Le 20 mars 2014, à la demande du commissaire à l'exécution du plan, ce tribunal a prononcé la résolution du plan pour non-respect des engagements des débiteurs et la liquidation judiciaire de la société et des garants. Le 1er juillet 2014, une cour d'appel a confirmé la résolution du plan mais infirmé le jugement sur la liquidation judiciaire et, statuant à nouveau, dit n'y avoir lieu à liquidation judiciaire.
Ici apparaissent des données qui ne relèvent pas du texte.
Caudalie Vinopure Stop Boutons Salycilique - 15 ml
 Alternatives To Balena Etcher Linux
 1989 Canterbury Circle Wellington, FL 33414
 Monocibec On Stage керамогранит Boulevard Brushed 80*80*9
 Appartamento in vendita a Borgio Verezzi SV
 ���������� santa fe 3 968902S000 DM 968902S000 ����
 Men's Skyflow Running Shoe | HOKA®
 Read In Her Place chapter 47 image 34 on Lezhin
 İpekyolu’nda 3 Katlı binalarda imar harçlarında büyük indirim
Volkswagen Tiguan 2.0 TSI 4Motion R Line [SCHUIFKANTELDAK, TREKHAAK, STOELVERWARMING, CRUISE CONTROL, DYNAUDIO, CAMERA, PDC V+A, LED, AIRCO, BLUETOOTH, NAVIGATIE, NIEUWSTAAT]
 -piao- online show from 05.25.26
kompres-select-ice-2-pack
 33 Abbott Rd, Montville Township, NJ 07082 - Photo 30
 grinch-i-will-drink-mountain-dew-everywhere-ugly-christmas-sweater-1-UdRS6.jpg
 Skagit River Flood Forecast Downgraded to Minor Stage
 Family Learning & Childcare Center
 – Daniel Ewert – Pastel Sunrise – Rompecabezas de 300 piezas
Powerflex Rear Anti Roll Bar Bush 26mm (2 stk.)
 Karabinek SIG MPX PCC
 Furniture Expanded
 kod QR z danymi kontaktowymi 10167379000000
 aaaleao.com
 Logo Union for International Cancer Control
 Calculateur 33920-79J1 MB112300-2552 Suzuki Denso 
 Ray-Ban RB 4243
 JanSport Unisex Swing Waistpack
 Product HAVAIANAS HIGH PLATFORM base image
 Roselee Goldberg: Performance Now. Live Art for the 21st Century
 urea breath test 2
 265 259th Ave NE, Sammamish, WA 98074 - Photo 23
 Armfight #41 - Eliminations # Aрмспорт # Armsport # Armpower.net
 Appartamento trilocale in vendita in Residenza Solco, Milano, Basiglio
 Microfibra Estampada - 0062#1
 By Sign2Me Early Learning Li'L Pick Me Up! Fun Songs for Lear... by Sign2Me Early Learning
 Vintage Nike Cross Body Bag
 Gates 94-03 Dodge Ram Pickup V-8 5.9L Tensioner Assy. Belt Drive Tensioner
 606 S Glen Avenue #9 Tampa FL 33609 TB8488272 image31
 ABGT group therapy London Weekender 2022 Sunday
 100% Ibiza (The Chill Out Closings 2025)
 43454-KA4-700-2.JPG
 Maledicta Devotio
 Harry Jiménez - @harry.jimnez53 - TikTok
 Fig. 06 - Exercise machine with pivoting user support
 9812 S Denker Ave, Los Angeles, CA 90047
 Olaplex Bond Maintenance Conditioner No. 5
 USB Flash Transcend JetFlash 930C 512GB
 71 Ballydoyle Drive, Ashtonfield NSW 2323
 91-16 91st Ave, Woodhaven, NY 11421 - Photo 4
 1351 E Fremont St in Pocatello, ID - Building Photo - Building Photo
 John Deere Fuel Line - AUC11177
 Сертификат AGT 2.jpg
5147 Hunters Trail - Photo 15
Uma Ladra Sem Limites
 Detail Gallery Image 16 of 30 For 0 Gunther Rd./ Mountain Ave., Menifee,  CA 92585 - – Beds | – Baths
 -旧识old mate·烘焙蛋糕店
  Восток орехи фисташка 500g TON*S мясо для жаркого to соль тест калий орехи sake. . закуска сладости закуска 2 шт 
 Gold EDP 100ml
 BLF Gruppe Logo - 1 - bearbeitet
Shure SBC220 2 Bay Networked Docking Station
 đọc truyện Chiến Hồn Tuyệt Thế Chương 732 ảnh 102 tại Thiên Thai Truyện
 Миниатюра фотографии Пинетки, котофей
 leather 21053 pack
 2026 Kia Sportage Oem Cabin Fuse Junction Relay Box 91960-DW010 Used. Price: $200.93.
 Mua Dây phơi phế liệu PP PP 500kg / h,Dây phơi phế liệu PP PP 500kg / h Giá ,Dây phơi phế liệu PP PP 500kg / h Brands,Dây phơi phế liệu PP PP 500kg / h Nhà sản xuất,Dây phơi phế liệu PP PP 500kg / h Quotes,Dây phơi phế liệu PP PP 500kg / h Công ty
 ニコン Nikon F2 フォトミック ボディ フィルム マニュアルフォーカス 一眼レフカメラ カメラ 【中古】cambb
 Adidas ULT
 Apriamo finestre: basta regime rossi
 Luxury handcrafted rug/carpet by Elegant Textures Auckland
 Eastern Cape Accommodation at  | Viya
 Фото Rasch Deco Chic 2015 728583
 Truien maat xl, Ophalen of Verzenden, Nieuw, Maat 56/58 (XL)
Par arrêt du 18 mai 2016, la Cour de cassation a rejeté le pourvoi contre cet arrêt (Cass. com., 18 mai 2016, n° 14-23.859 et n° 14-24.313, F-D N° Lexbase : A0881RQP).

La cour d'appel de renvoi, qui, saisie de la contestation des créances au passif de la société, avait sursis à statuer dans l'attente de l'issue du pourvoi sur la résolution du plan par arrêt du 28 janvier 2016, a, par arrêt distinct du 22 novembre 2018, constaté la péremption d'instance.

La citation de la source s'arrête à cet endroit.